## [YOUR INSTRUCTIONS]
Nothing outside the stretch is wanted. Repeat exactly the lines of the listing below from the one that contains "للبيع ويل جارجر ١٧ زوج مو تخم الواحد ب40" through the one that contains "مكان نجف واتساب ***********", both ends included.

## [STORED DATA]

^^^^^^^^

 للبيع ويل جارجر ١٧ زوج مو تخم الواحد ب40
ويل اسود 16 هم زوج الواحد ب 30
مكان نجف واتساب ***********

^^^^^^^^

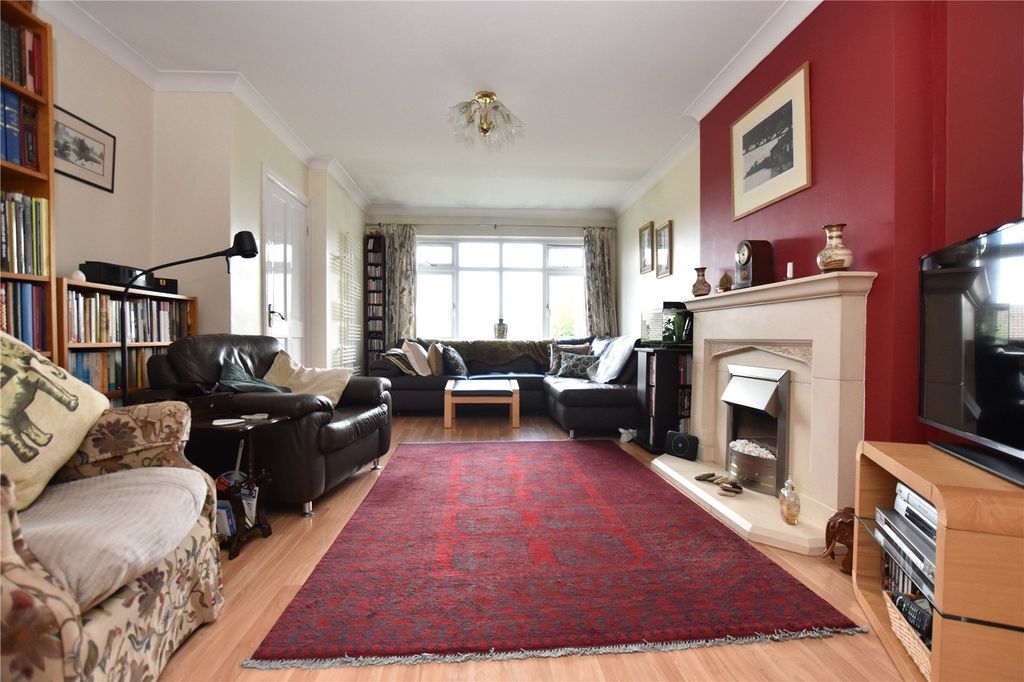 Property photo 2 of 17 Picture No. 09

^^^^^^^^

## [RESULT BELOW]
 للبيع ويل جارجر ١٧ زوج مو تخم الواحد ب40
ويل اسود 16 هم زوج الواحد ب 30
مكان نجف واتساب ***********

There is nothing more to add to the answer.